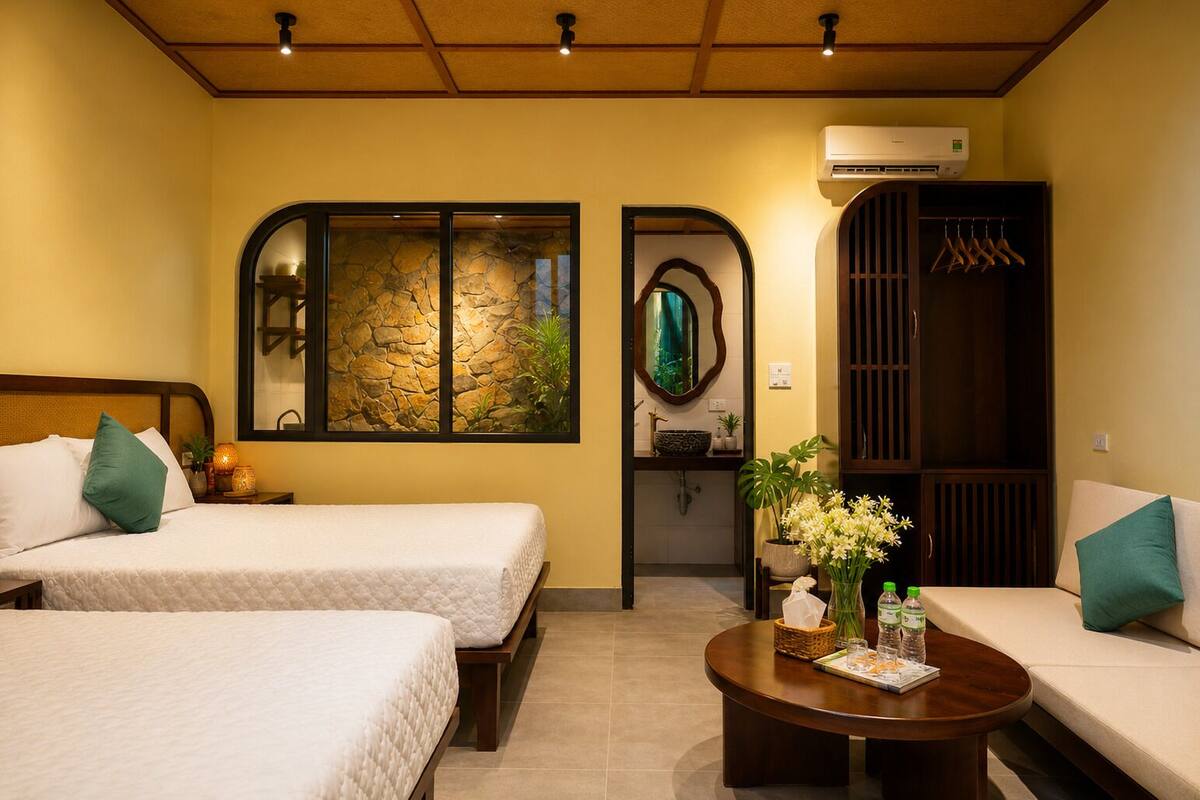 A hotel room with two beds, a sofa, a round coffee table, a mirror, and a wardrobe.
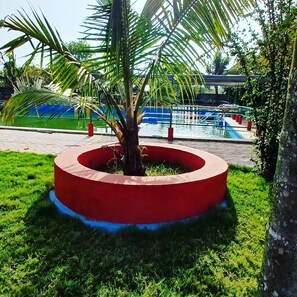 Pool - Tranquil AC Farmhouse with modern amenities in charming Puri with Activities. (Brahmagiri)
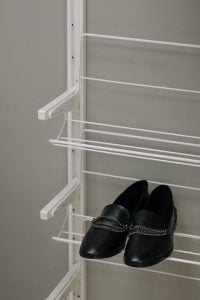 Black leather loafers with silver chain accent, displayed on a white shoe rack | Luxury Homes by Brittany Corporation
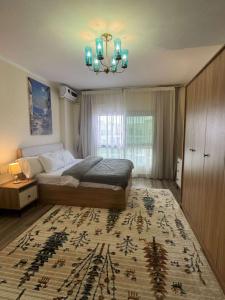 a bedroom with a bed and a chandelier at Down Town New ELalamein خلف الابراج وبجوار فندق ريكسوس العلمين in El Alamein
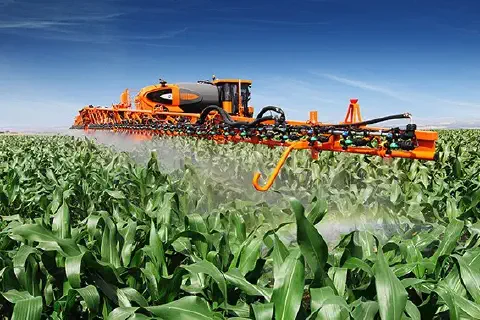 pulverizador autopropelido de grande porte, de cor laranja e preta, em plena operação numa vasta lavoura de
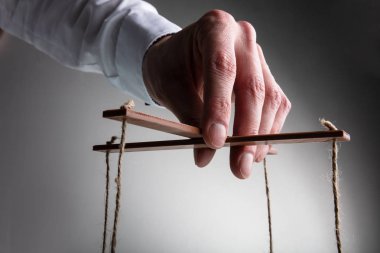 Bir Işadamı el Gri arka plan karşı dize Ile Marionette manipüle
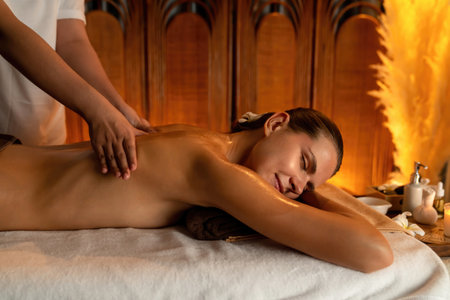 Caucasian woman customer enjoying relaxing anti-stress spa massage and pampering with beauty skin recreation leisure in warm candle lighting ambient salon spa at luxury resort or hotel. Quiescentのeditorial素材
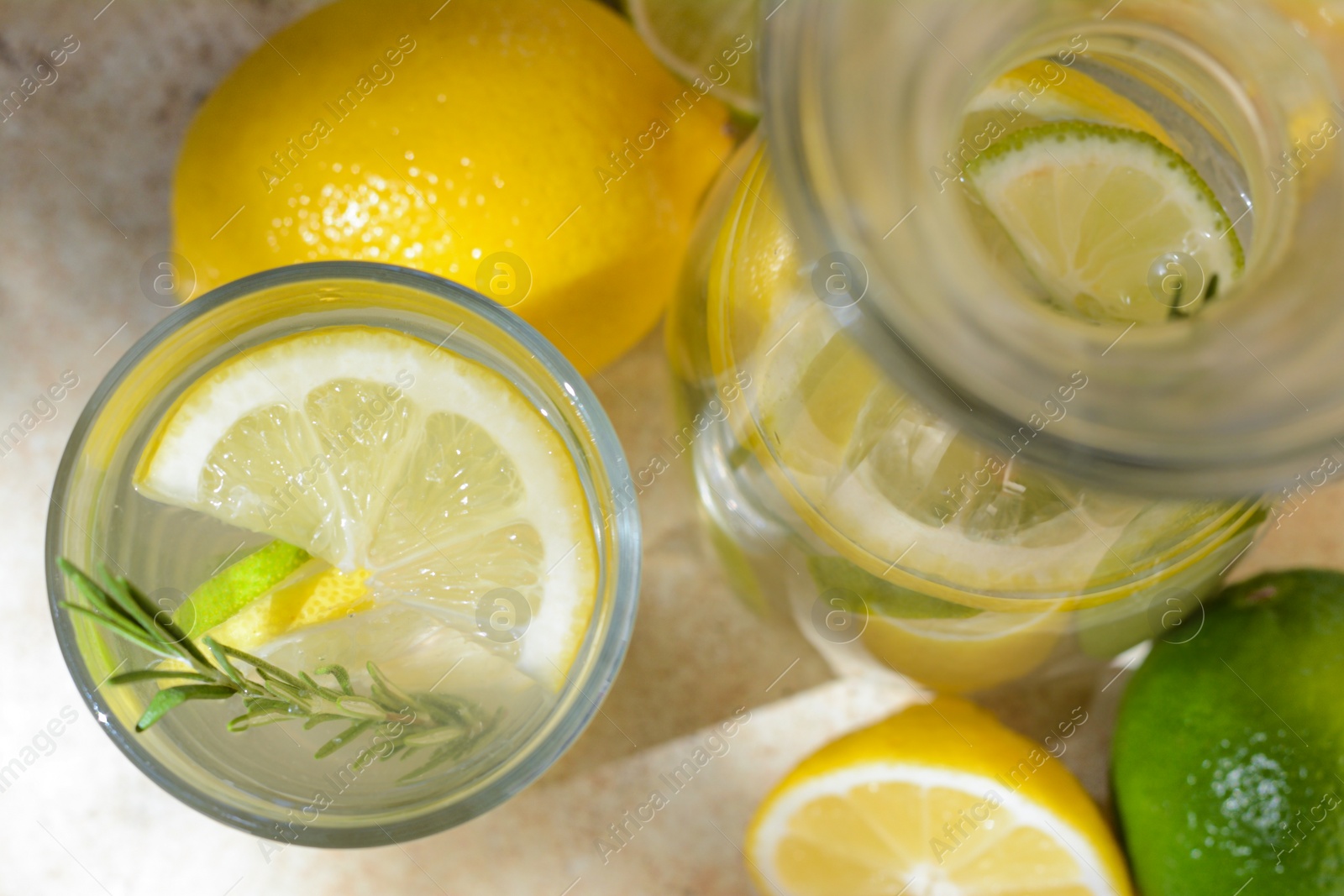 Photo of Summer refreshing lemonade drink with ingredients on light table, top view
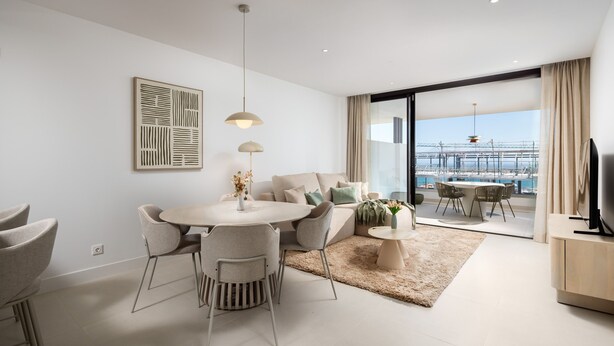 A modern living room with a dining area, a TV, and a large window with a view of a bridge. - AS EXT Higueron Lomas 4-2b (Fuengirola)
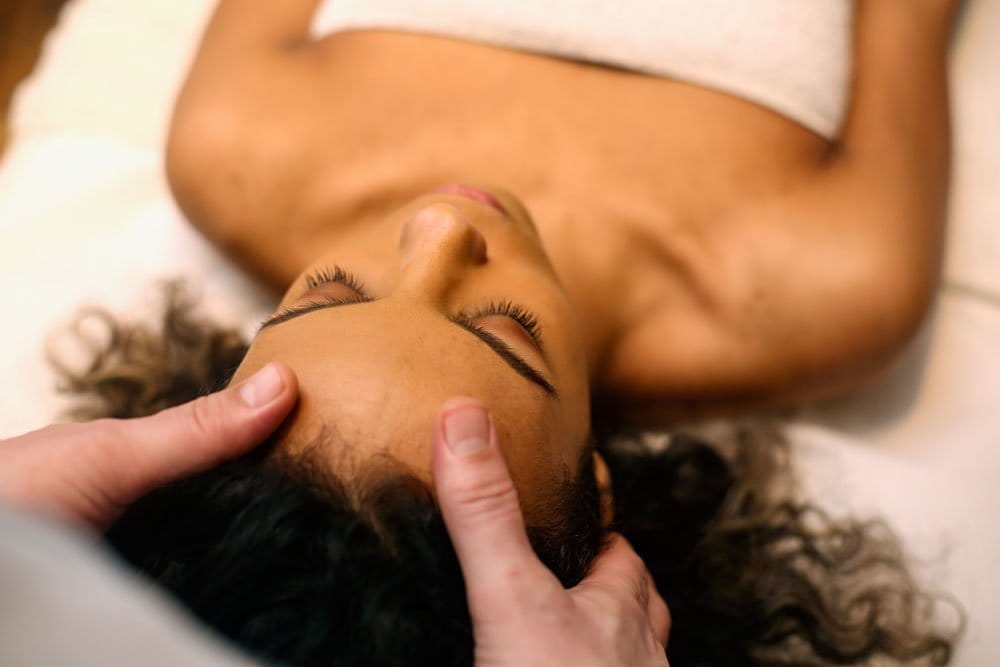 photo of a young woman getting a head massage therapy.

---

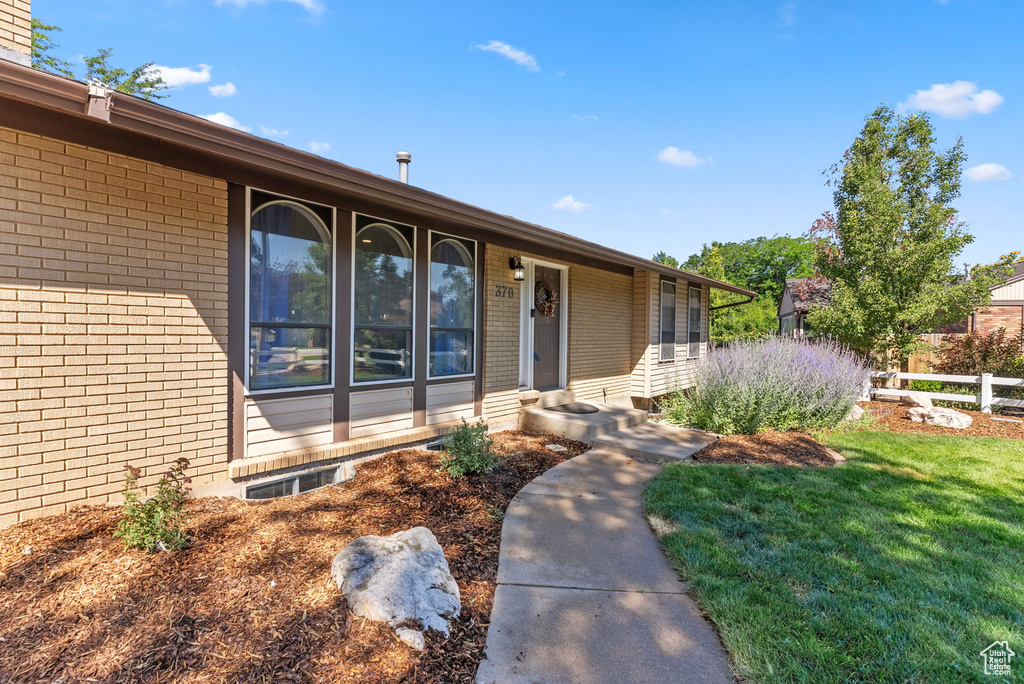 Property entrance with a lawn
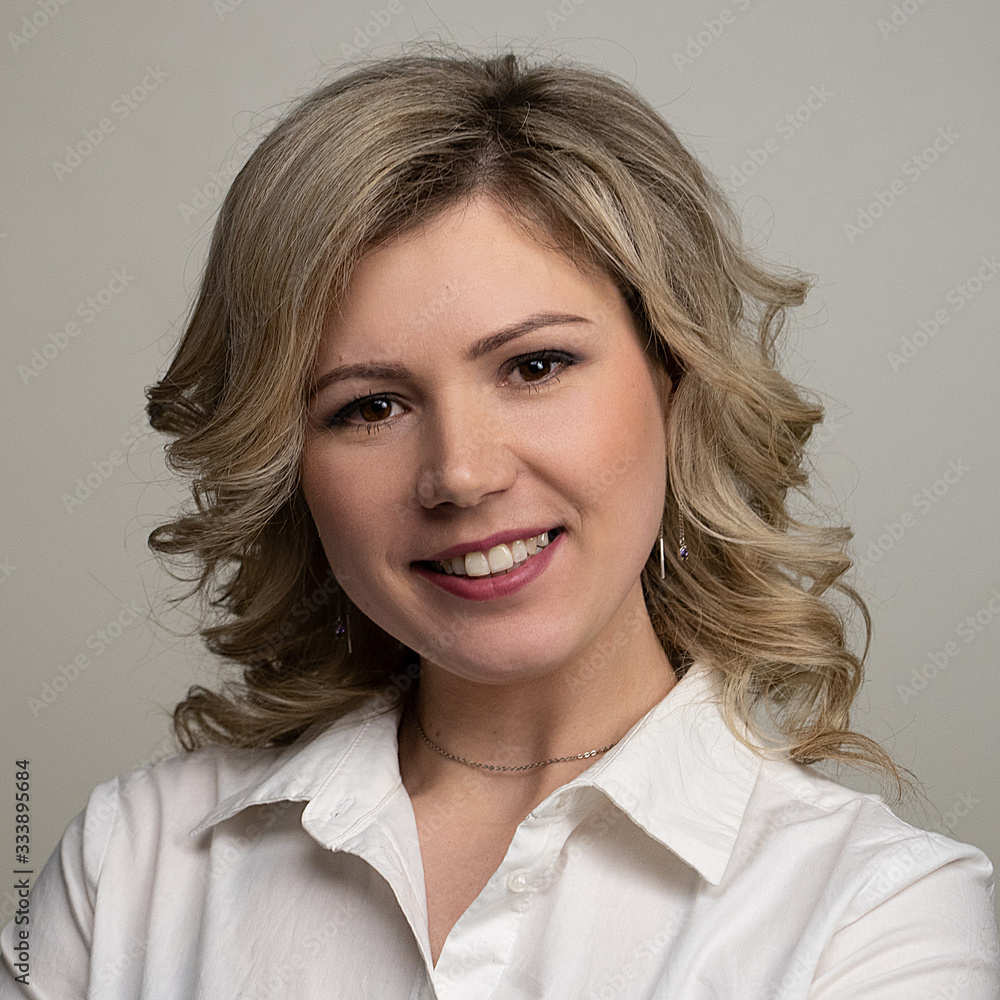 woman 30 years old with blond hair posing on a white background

● Aim of the exercise:
Nothing except the lines from the one containing "pulverizador autopropelido de" through the one containing "photo of a young" should appear in the answer, exactly as above and without pictures.

● Expected answer:
 pulverizador autopropelido de grande porte, de cor laranja e preta, em plena operação numa vasta lavoura de
 Bir Işadamı el Gri arka plan karşı dize Ile Marionette manipüle
 Caucasian woman customer enjoying relaxing anti-stress spa massage and pampering with beauty skin recreation leisure in warm candle lighting ambient salon spa at luxury resort or hotel. Quiescentのeditorial素材
 Photo of Summer refreshing lemonade drink with ingredients on light table, top view
 A modern living room with a dining area, a TV, and a large window with a view of a bridge. - AS EXT Higueron Lomas 4-2b (Fuengirola)
 photo of a young woman getting a head massage therapy.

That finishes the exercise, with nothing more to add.